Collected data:
[Start of section]

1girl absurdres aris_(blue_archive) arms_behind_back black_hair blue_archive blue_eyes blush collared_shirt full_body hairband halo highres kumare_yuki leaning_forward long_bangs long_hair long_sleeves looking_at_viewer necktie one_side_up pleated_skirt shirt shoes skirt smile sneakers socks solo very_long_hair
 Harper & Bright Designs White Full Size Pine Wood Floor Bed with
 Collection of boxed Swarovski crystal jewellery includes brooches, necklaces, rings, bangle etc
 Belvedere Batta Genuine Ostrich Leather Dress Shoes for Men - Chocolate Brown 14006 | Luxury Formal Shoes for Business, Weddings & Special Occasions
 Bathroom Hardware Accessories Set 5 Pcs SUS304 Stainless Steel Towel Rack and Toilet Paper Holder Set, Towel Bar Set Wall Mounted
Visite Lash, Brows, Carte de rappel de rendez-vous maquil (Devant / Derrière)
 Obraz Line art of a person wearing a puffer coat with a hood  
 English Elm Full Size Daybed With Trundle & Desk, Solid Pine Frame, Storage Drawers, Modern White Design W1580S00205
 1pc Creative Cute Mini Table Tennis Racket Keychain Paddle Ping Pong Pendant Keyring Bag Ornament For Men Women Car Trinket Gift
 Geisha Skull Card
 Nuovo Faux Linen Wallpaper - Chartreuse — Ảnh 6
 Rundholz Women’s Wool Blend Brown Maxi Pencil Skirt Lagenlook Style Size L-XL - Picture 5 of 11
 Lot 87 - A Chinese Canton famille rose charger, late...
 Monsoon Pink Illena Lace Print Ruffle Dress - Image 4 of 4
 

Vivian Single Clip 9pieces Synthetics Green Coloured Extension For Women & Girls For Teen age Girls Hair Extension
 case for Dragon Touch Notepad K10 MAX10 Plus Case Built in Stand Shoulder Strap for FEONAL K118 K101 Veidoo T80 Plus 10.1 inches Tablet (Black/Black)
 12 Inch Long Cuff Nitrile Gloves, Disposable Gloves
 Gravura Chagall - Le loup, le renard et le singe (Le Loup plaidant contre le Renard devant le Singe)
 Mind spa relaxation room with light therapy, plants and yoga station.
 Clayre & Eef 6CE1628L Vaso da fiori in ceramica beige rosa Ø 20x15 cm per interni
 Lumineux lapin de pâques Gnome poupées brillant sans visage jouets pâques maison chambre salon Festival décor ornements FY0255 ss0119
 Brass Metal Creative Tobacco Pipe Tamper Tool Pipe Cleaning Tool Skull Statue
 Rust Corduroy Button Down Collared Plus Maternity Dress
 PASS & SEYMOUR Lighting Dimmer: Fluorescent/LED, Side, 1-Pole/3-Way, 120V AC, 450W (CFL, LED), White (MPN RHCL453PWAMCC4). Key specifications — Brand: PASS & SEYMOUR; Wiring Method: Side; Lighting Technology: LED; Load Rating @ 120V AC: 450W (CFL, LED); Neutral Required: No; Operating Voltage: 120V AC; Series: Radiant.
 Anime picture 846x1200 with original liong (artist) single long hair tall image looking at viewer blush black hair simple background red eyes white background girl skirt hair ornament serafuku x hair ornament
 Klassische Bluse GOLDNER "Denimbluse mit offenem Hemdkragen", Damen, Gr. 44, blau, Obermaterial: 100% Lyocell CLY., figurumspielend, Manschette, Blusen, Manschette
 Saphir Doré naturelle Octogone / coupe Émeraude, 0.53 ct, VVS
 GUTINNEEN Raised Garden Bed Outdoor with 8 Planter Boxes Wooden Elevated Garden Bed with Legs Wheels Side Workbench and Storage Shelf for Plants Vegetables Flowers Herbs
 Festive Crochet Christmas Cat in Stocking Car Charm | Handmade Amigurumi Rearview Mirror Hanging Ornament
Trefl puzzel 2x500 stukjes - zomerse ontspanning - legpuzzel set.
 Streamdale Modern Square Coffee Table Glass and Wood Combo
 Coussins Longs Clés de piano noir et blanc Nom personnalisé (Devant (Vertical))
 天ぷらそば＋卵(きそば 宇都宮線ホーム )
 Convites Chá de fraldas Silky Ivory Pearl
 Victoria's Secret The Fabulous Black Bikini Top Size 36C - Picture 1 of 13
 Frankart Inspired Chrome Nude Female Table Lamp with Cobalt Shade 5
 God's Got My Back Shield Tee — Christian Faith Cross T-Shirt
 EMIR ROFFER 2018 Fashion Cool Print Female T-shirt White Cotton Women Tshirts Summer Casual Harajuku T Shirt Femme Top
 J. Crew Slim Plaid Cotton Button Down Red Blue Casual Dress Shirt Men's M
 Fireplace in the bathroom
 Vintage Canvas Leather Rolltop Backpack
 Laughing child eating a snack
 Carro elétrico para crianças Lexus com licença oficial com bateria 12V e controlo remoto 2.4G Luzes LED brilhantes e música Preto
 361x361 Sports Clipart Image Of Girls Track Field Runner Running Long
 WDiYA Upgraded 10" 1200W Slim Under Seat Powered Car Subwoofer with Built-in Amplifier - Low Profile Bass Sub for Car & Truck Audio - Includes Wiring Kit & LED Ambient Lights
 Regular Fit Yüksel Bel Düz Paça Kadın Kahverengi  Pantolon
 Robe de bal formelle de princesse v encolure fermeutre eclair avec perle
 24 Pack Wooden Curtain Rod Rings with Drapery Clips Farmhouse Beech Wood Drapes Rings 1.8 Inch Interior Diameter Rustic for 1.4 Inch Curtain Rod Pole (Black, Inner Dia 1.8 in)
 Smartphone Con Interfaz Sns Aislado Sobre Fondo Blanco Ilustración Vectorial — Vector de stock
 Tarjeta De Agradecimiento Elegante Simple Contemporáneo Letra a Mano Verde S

[End of section]

- HOW TO COMPLETE THIS TASK
Out of the entries above, write out only the lines between the line holding "Robe de bal" and the line holding "Smartphone Con Interfaz", inclusive, each exactly as given.

- RESULT OF THE EXERCISE
 Robe de bal formelle de princesse v encolure fermeutre eclair avec perle
 24 Pack Wooden Curtain Rod Rings with Drapery Clips Farmhouse Beech Wood Drapes Rings 1.8 Inch Interior Diameter Rustic for 1.4 Inch Curtain Rod Pole (Black, Inner Dia 1.8 in)
 Smartphone Con Interfaz Sns Aislado Sobre Fondo Blanco Ilustración Vectorial — Vector de stock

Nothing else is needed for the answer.